- _WHAT TO DO_:
Repeat the listing below in full and exactly, but without its pictures.

- _DATASET_:
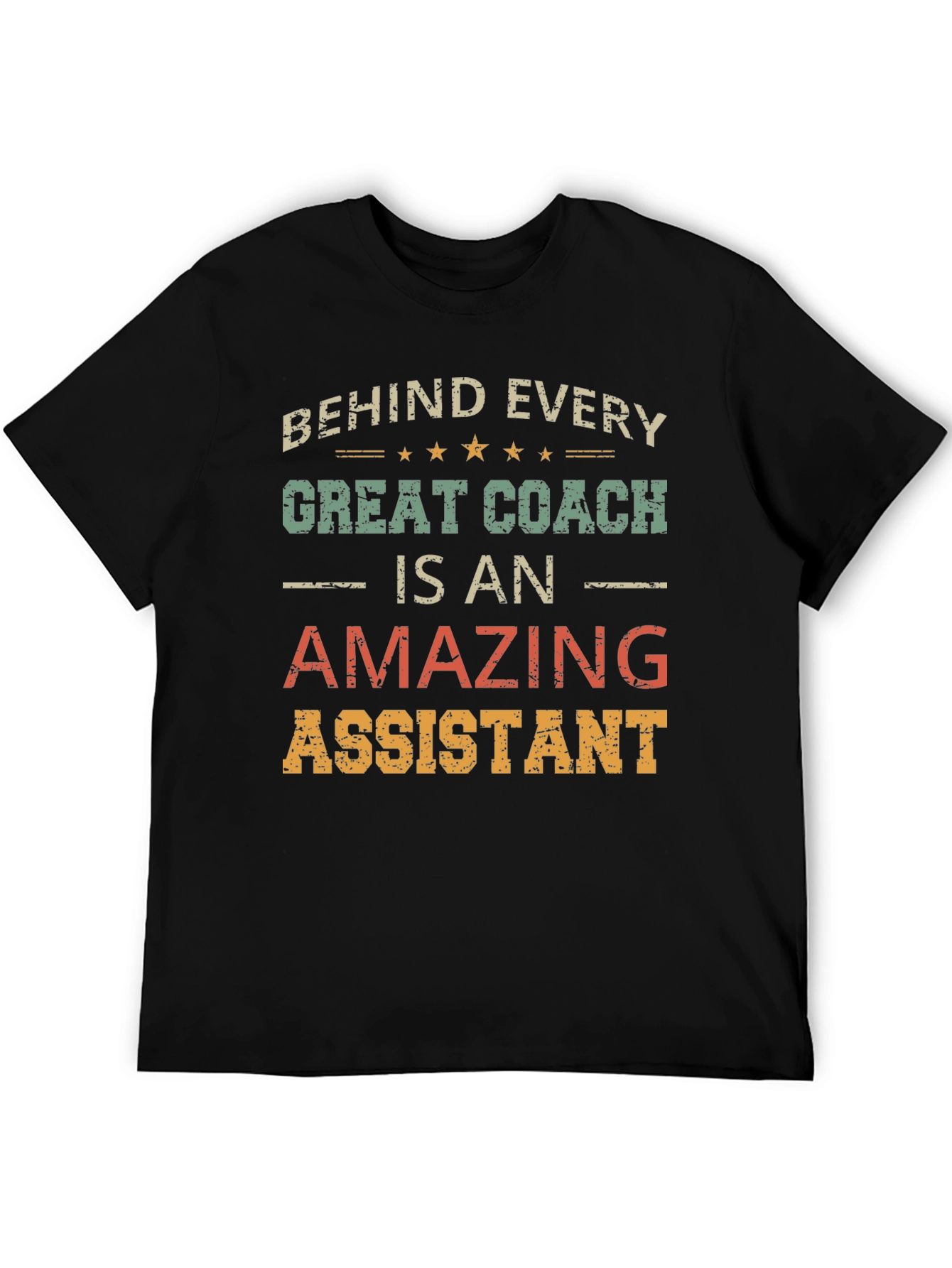 Behind Every Great Coach is an Amazing Assistant T-Shirt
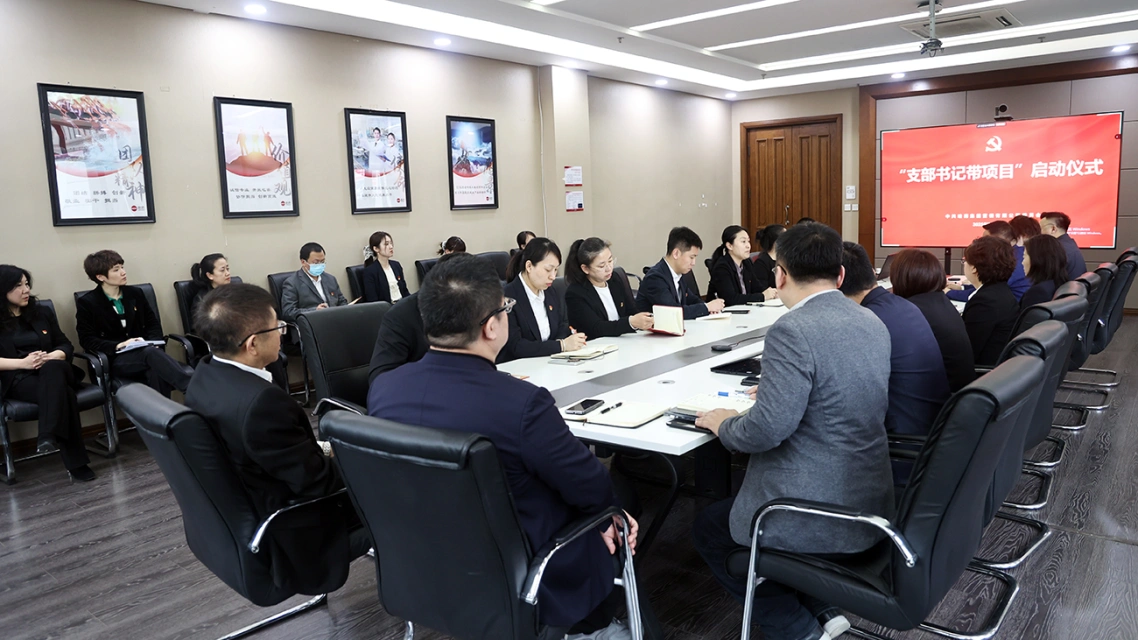 党徽闪耀 头雁领航&mdash;&mdash;人生就是搏中国区营销召开"支部书记带项目"启动仪式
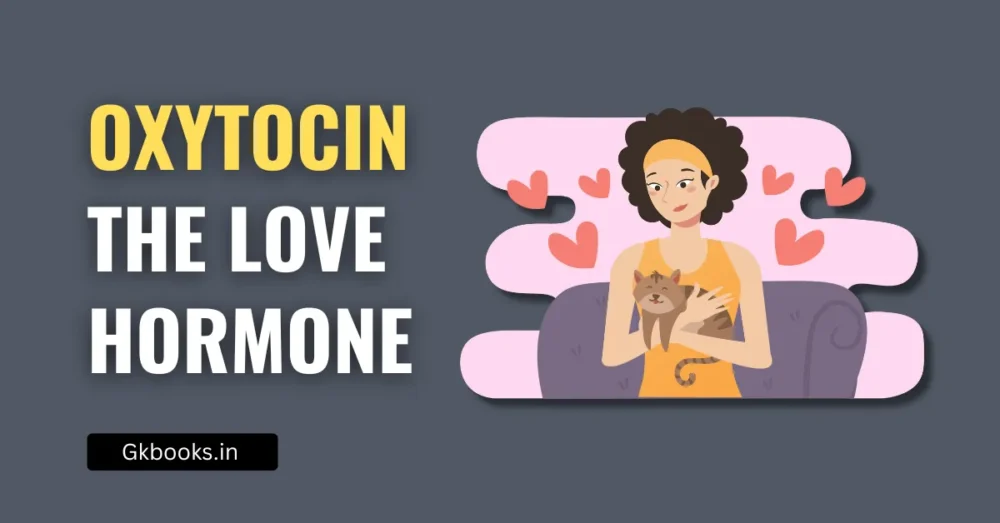 Understanding Oxytocin – The Love Hormone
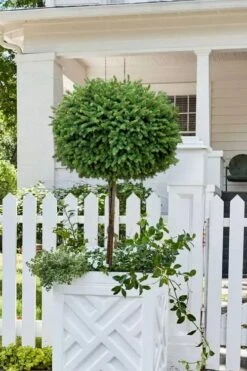 Little Gem Dwarf Norway Spruce Tree (Single Trunk) - 1 Gallon Pot -Healthy Plant Shop picea abies little gem dwarf norway spruce tree 5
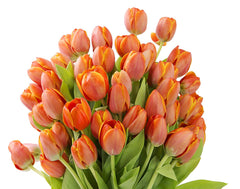 Blooms2Door 30 Orange Tulips (Farm-Fresh Flowers, Cut-to-Order, and Homegrown in the USA)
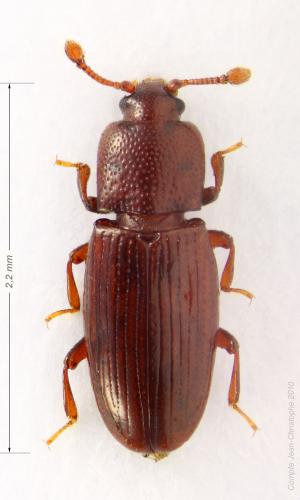 Réf. 55 364 : Cerylon sp.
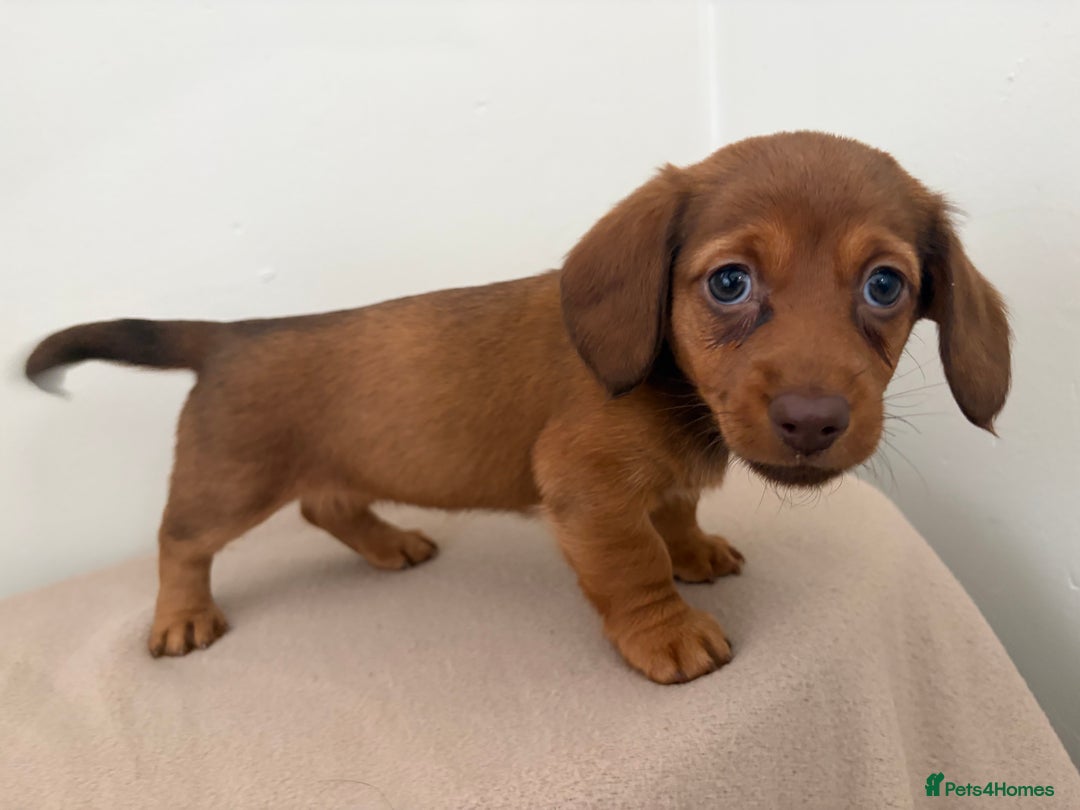 Miniature Dachshund dogs for sale: Red miniature Dachsund’s  - Image 3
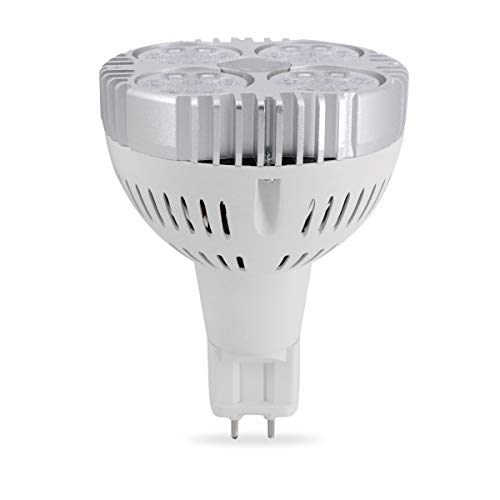 G12 Led Par30 Luz 24W E27 Par30 Foco Reemplaza 75W Halogenuro Metal AC85-265V 3 años de garantía 4000K (Blanco Natural)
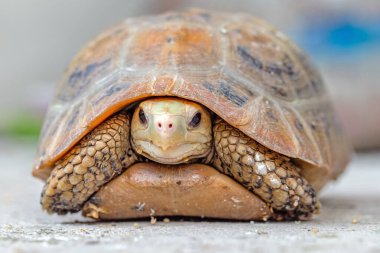 Kaplumbağa kumsalda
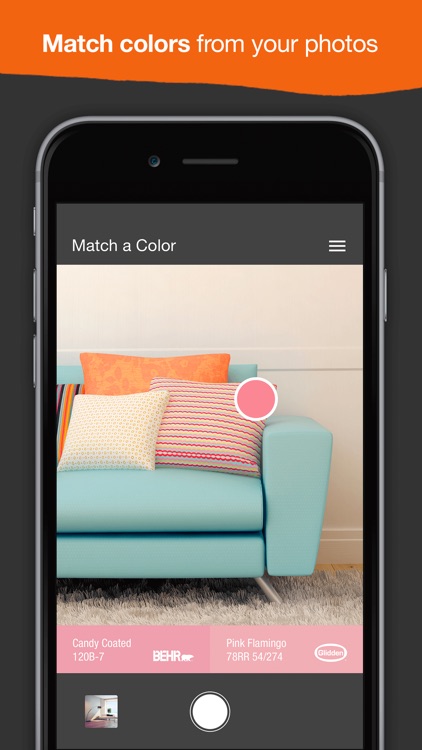 Project Color™ The Home Depot screenshot-3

- _ANSWER SPACE_:
 Behind Every Great Coach is an Amazing Assistant T-Shirt
 党徽闪耀 头雁领航&mdash;&mdash;人生就是搏中国区营销召开"支部书记带项目"启动仪式
 Understanding Oxytocin – The Love Hormone
 Little Gem Dwarf Norway Spruce Tree (Single Trunk) - 1 Gallon Pot -Healthy Plant Shop picea abies little gem dwarf norway spruce tree 5
 Blooms2Door 30 Orange Tulips (Farm-Fresh Flowers, Cut-to-Order, and Homegrown in the USA)
 Réf. 55 364 : Cerylon sp.
 Miniature Dachshund dogs for sale: Red miniature Dachsund’s  - Image 3
 G12 Led Par30 Luz 24W E27 Par30 Foco Reemplaza 75W Halogenuro Metal AC85-265V 3 años de garantía 4000K (Blanco Natural)
 Kaplumbağa kumsalda
 Project Color™ The Home Depot screenshot-3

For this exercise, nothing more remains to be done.